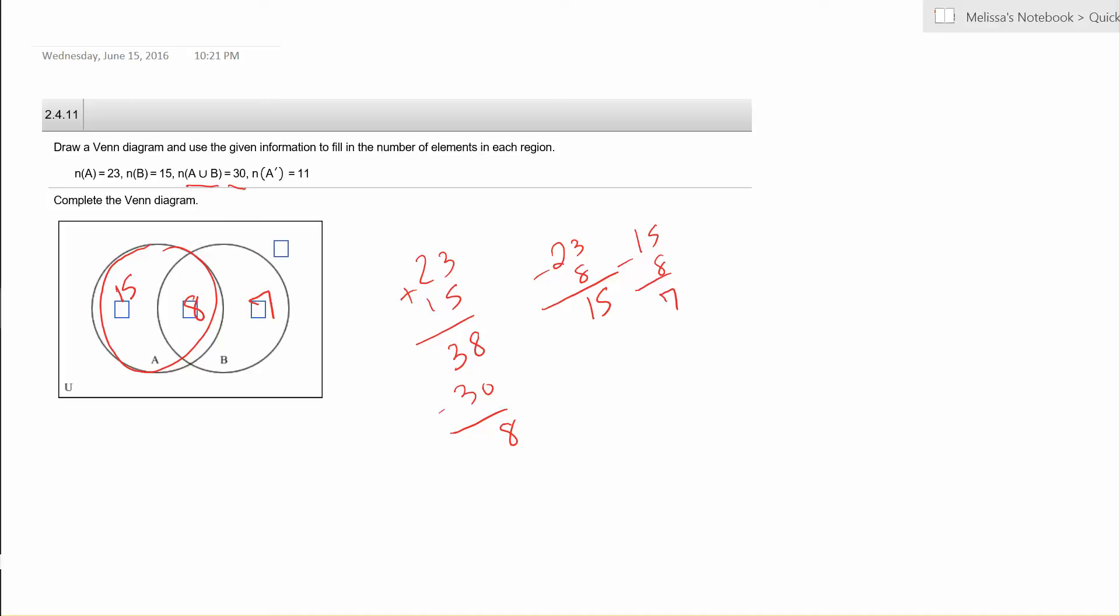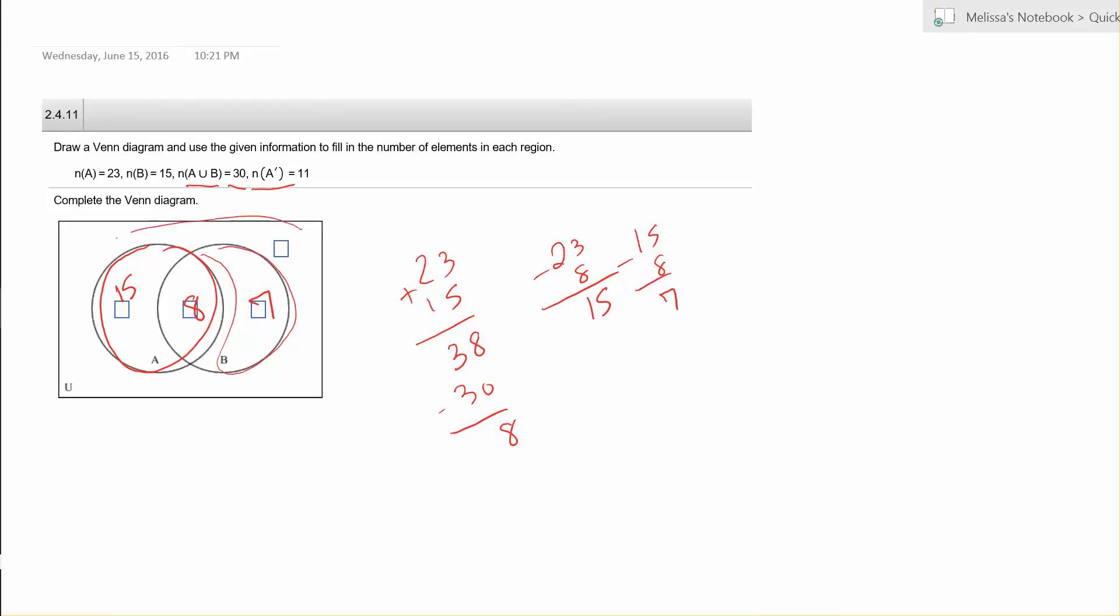Finally, we're told that the cardinality of the complement of A is 11. Well the complement of A is everything outside of circle A, and that includes this region here, which is in B, and then this region in the exterior. So the cardinality of that is 11, and that's really just two regions. So 11 take away 7 is 4, and 4 is going to be this region that's only outside of A and B. So now we've got all of the regions cardinalities filled in.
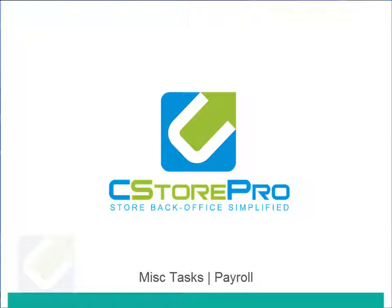Hey guys, in this video we're going to talk about how to set up your payroll management system in C-Store Pro.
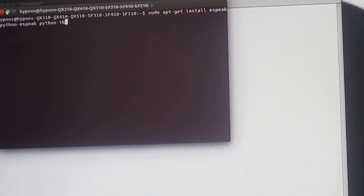sudo apt-get install espeak python-espeak python-tk. Alright, I've already got this installed, but when you have it, press enter, enter your password, and then agree to the installation.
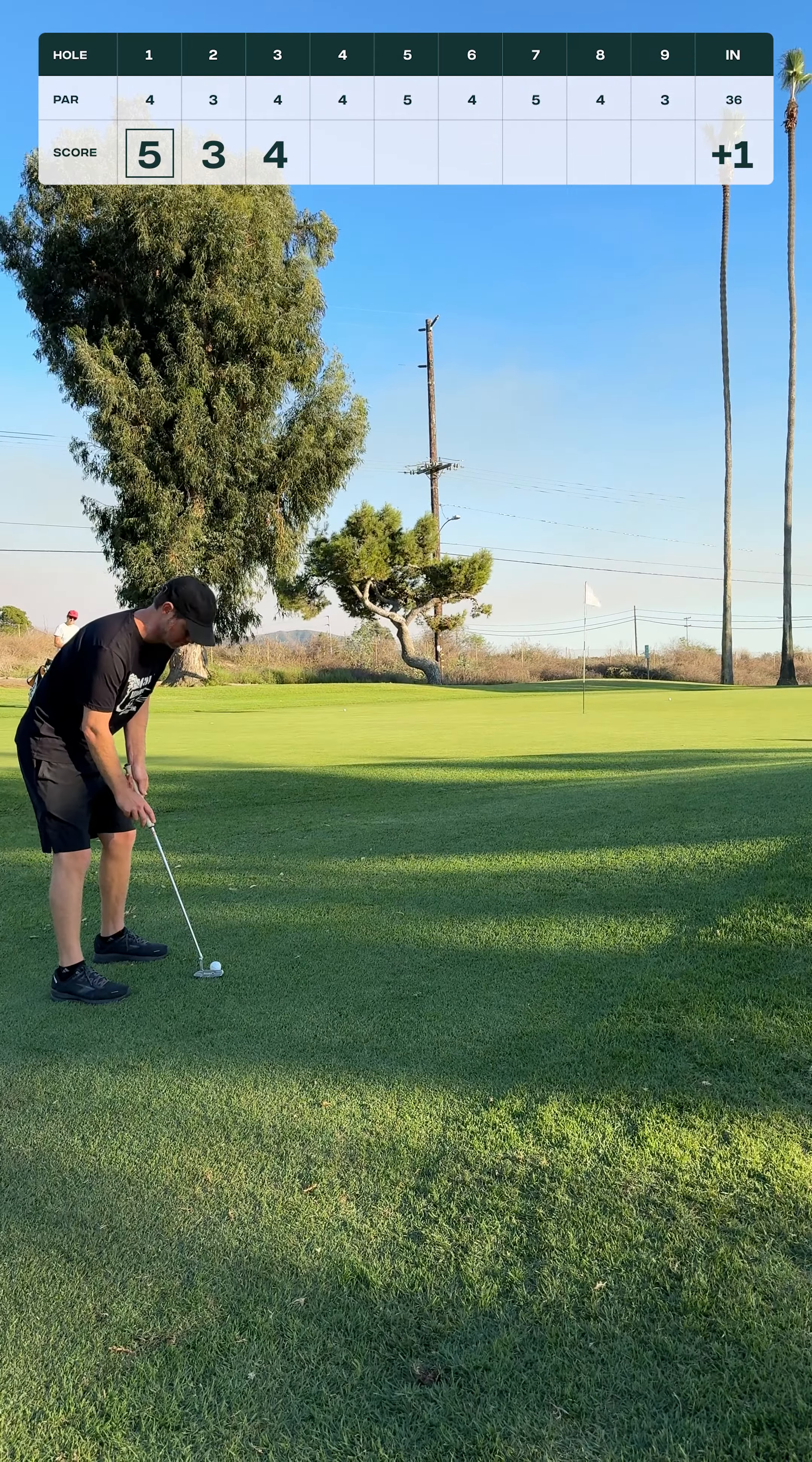So fucking putter saving me today, got me back to even. Beautiful sunset out here at San Clemente, two holes left. We're gonna try to get it under par.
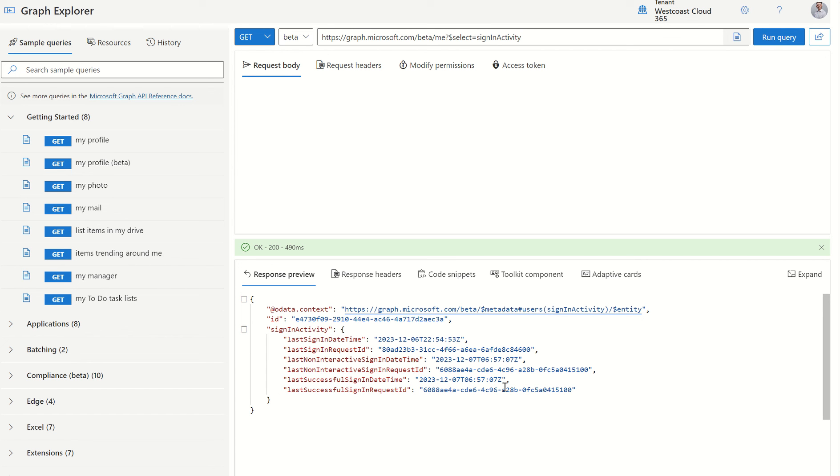And we can also see the other related parameters, which we've been able to fetch for some years now. But this is a game-changer in terms of our last successful sign-in date and time. Like I said, the previous parameter only provided us a bit of an insight in terms of the authentication attempts, i.e., using the email address and password, which isn't great when we're trying to investigate either compromised accounts or potentially malicious fraud actors.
◇ ◇ ◇ ◇ ◇
● **Aim of the exercise**
Retype word for word all the material given above, and keep the pictures out.

● **Your response**
Finally, we're told that the cardinality of the complement of A is 11. Well the complement of A is everything outside of circle A, and that includes this region here, which is in B, and then this region in the exterior. So the cardinality of that is 11, and that's really just two regions. So 11 take away 7 is 4, and 4 is going to be this region that's only outside of A and B. So now we've got all of the regions cardinalities filled in.
Hey guys, in this video we're going to talk about how to set up your payroll management system in C-Store Pro.
sudo apt-get install espeak python-espeak python-tk. Alright, I've already got this installed, but when you have it, press enter, enter your password, and then agree to the installation.
So fucking putter saving me today, got me back to even. Beautiful sunset out here at San Clemente, two holes left. We're gonna try to get it under par.
And we can also see the other related parameters, which we've been able to fetch for some years now. But this is a game-changer in terms of our last successful sign-in date and time. Like I said, the previous parameter only provided us a bit of an insight in terms of the authentication attempts, i.e., using the email address and password, which isn't great when we're trying to investigate either compromised accounts or potentially malicious fraud actors.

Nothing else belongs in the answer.